= Martin Schippert =

Swiss Hells' Angel

Martin "Tino" Schippert (1 May 1946 – 1981) was a Swiss "Halbstarker" (member of a youth subculture similar to Beatniks or Yobbo), Rocker, a so-called "68er" and is considered to be founder of the Hells Angels in Switzerland. Schippert grew up in an upper-class environment, at the Zürichberg. He suffered from various illnesses. Because of his health, he had to live in the Kindererholungsheim Celerina, to recover. After finishing school, Schippert chose an apprenticeship as a Rhine sailor.

In 1965, Schippert survived a grave motorcycle accident, but he passed what is referred to as the "Biker test": He wanted to ride a motorbike again, after all the pain he suffered. Schippert founded the Rächer Basel, a Halbstarken group which did not persist for a long time. He then joined the Zürich Rächer (Revengers) and became their leader in 1966. The group was renamed to Lone-Stars. From 19 November 1966 on, he was imprisoned for four months on remand. Then he had to appear in court and was condemned to 18 months of prison. Perhaps suffering a "meaning-of-life-crisis", he relinquished his Lone-Star-leadership. But during a long car journey (one destination is, amongst others, the International Song Days in Essen, Germany), he got inspired again, thanks to someone reading out Freewheelin Frank, a type of autobiography and speech of a Hells Angels secretary.

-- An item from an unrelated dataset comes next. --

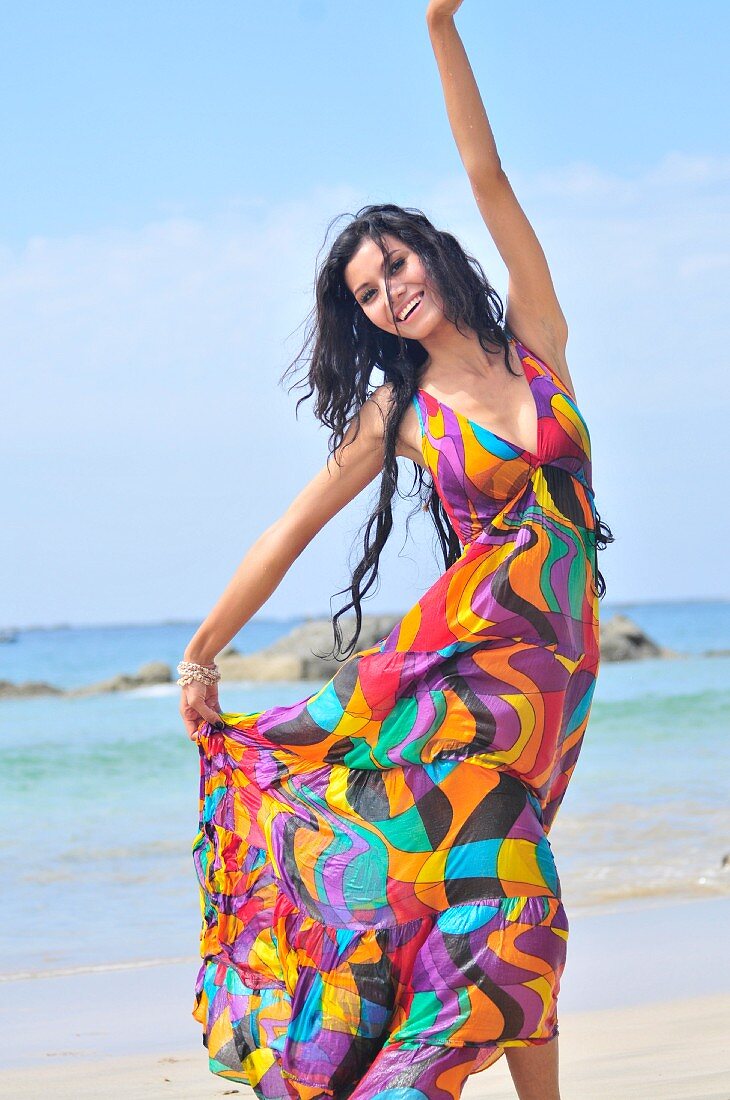 A woman wearing a brightly patterned dress dancing on a beach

The Lone-Stars wanted to become real Hells Angels. The group began calling itself with the double name Hells Angels-Lone-Stars — without permission. But when that came to the attention of Cisco Valderrama, a leader of the Oakland's Hells Angels, he advised the Swiss that they have to get a permission and pass prospectship. Christmas 1970, Schippert received the formal acknowledgment that his club was worthy to call itself Hells Angels. In 1981, Schippert died in Tutilimundi, Bolivia, as "Carlos Martin Schippert". The exact circumstances are not clear. He was a source of inspiration for writer Friedrich Dürrenmatt, who was acquainted with him – Sergius Golowin brought them together.